If the fund is structured as a Finnish alternative investment fund (AIF), the AIFM Act (laki vaihtoehtorahastojen hoitajista, 162/2014) imposes additional transparency obligations on the fund manager. These include periodic reporting on portfolio composition, valuation methods, costs and fees, and leverage. As an investor, you're entitled to this information, and the level of detail in quarterly reports should meet the regulatory standard — not just whatever the GP chooses to share.

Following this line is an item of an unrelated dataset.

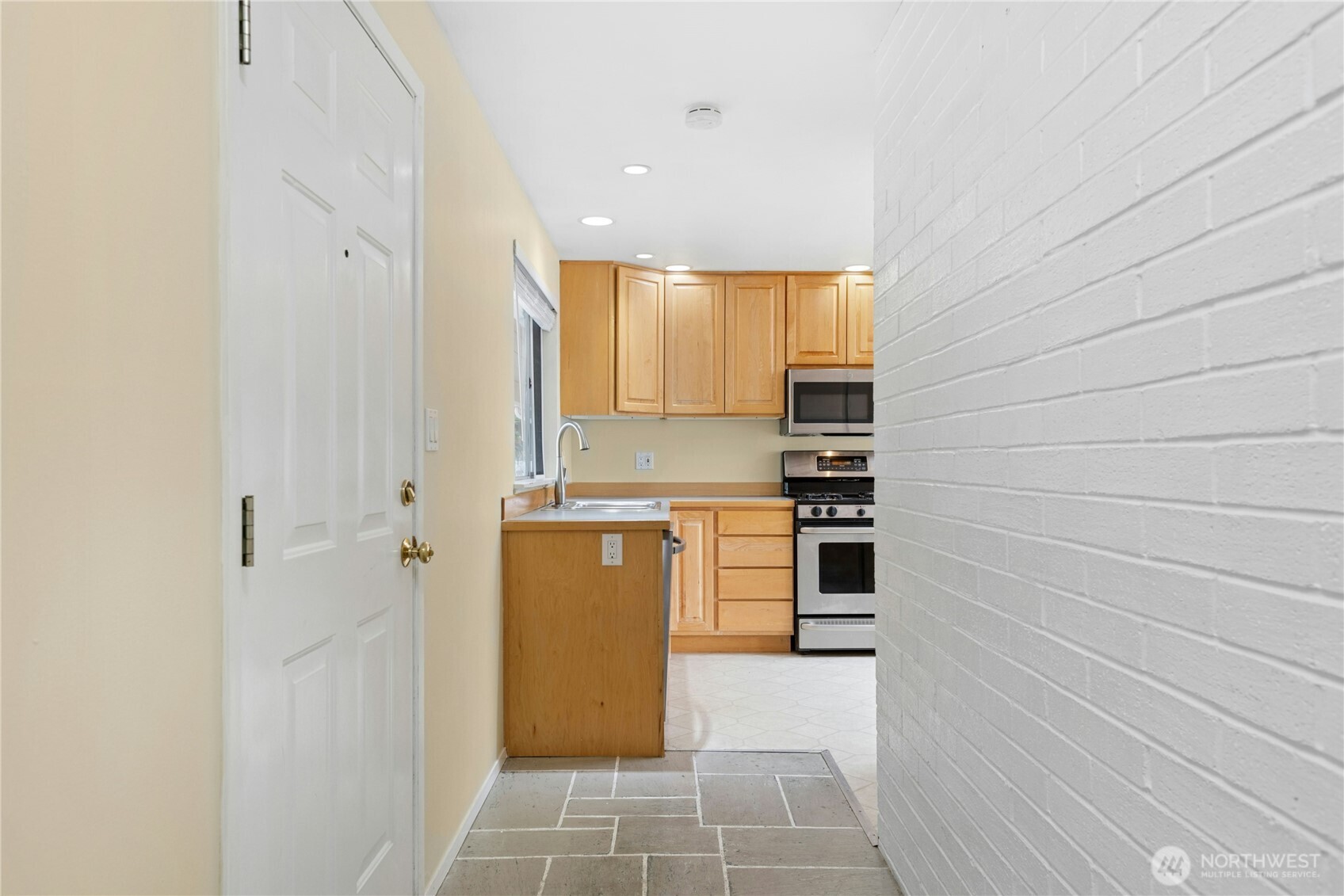 250 110th Place Property Photo 7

What you can concretely request
You're well within your rights to request portfolio-level valuations and the methodology used, a detailed fee breakdown (management fees, carried interest accrual, transaction fees, and any fund-level expenses), information on any related-party transactions, and the basis for the capital call amount and its intended use. Frame this as exercising your statutory and contractual information rights. Review your LPA carefully — most Finnish fund LPAs include a specific information rights clause, and many reference FVCA (Finnish Venture Capital Association) or ILPA standards.
Can you delay or withhold payment on the capital call?
This is where you need to be careful. Capital call obligations are typically unconditional contractual commitments under the LPA. Failing to fund a capital call usually triggers severe default provisions — dilution, forfeiture of your interest, or even damages claims. Finnish contract law (oikeustoimilaki) does give you certain defenses if the GP is in material breach of its own obligations (such as systematic failure to provide legally required disclosures), and you could in theory invoke a right of retention (pidätysoikeus) or argue breach. However, this is a high-risk strategy. Courts and arbitral tribunals generally treat capital call defaults very seriously, and the burden would be on you to demonstrate that the GP's failure to disclose was sufficiently material to justify withholding.
Practical recommendation
The safer approach is a two-track one. First, send a formal written request (with clear legal basis) demanding the specific information you need, referencing both the LPA provisions and the applicable statutory framework. Set a reasonable deadline. Second, fund the capital call on time to avoid default, but reserve your rights in writing — state explicitly that payment does not constitute a waiver of your right to full disclosure and that you reserve the right to pursue remedies if adequate information is not forthcoming.
If the GP remains unresponsive, your escalation options include raising the issue with the fund's advisory committee (if one exists), filing a complaint with the FIN-FSA if the manager is a licensed AIFM, or ultimately pursuing arbitration or litigation under the dispute resolution clause in your LPA.